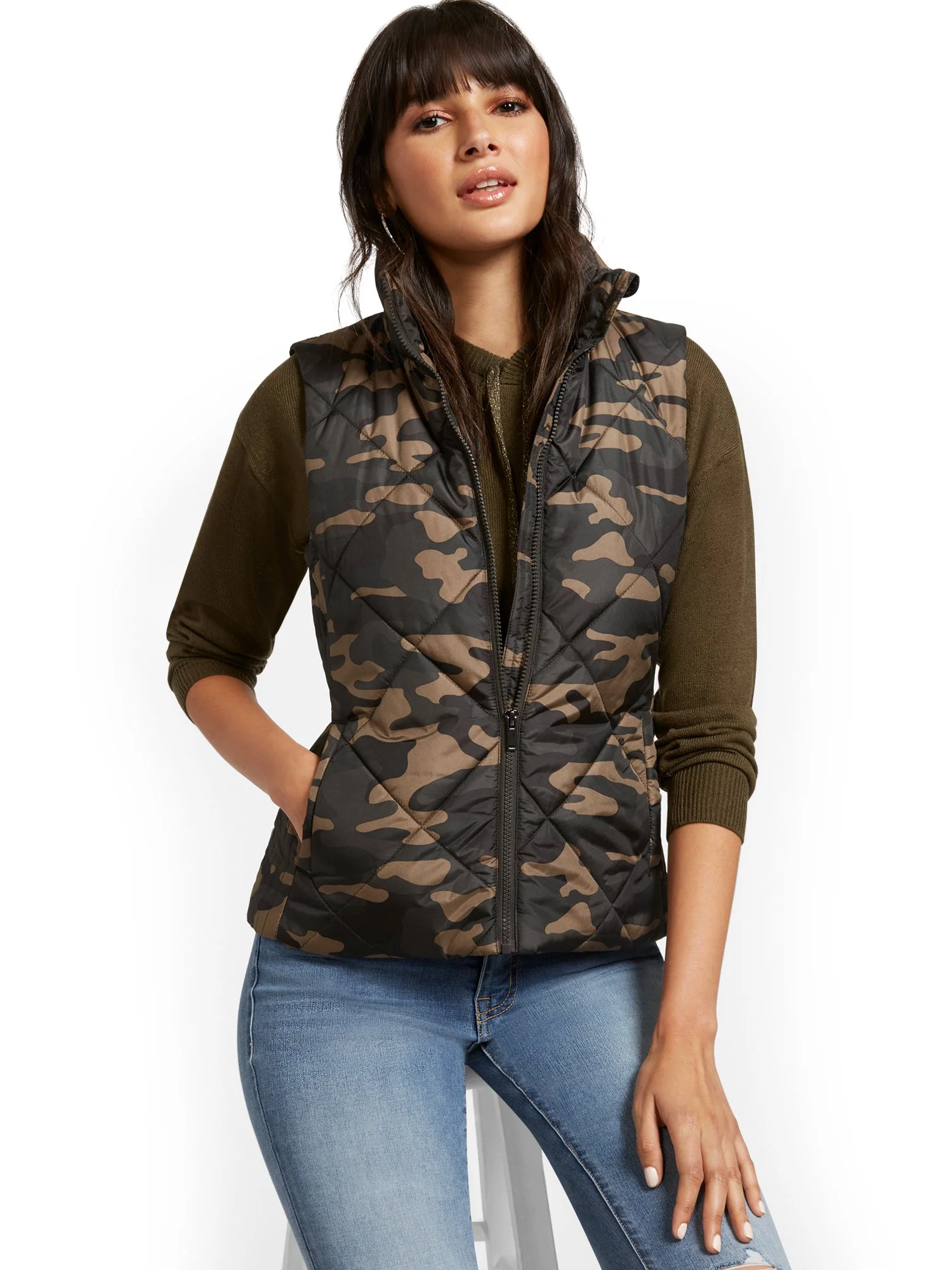 Camo-Print Puffer Vest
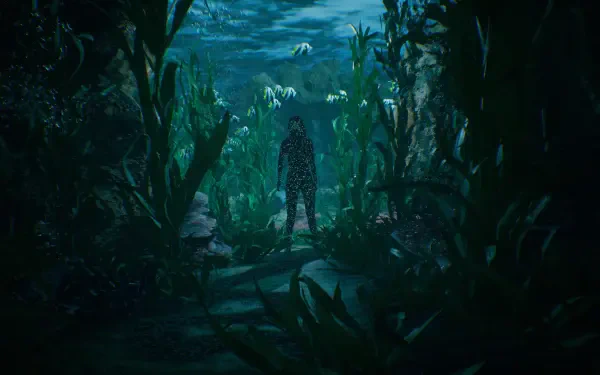 Underwater scene from the video game The Inn-Sanity, featuring a character surrounded by vibrant aquatic plants and fish, designed as an HD PC desktop wallpaper and background.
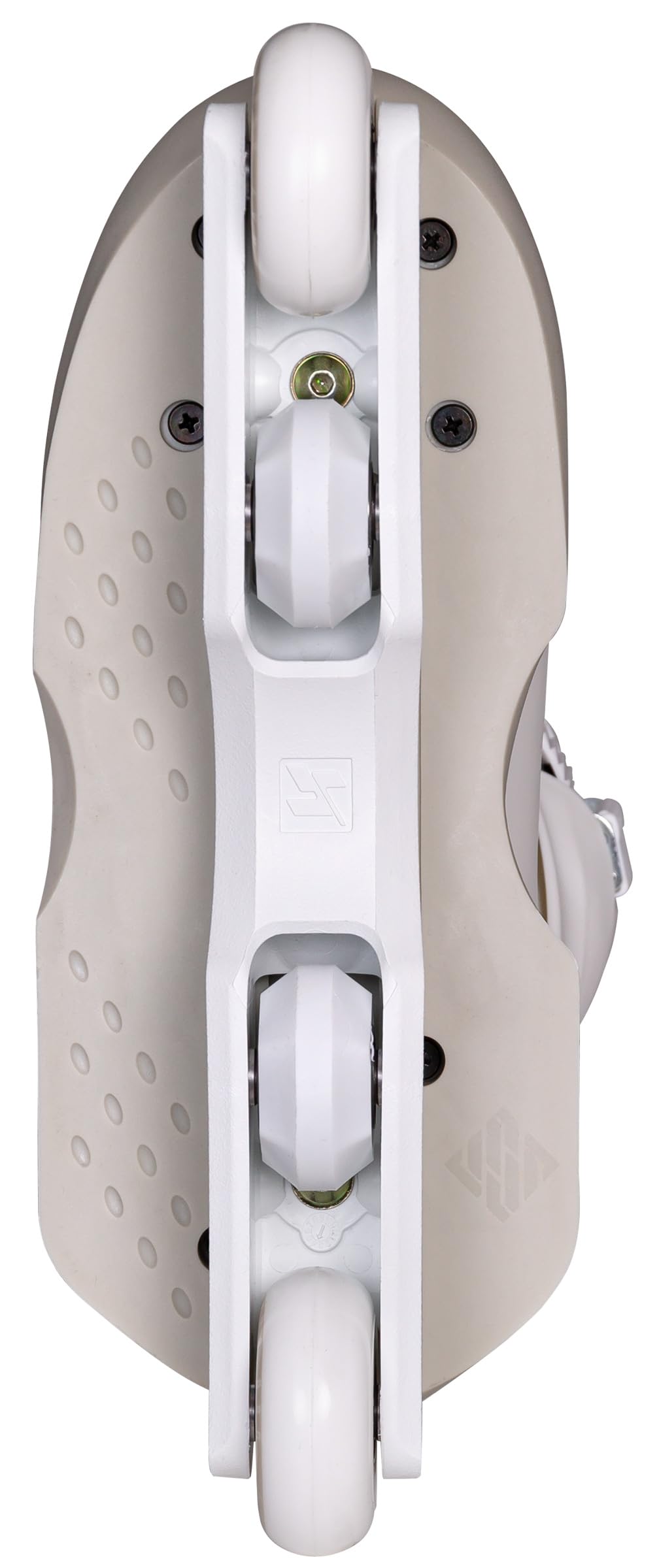 USD Sway Chess White Stunt Skates - Pattini in linea aggressivi Hardboot, Kizer Fluid IV UFS, 60 mm, 88 A, cuscinetti a sfera ABEC 9, bianco/grigio per Street & Park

.....

▶ Task prompt
Give back the data exactly. Pictures stay out.

▶ Your response
 Camo-Print Puffer Vest
 Underwater scene from the video game The Inn-Sanity, featuring a character surrounded by vibrant aquatic plants and fish, designed as an HD PC desktop wallpaper and background.
 USD Sway Chess White Stunt Skates - Pattini in linea aggressivi Hardboot, Kizer Fluid IV UFS, 60 mm, 88 A, cuscinetti a sfera ABEC 9, bianco/grigio per Street & Park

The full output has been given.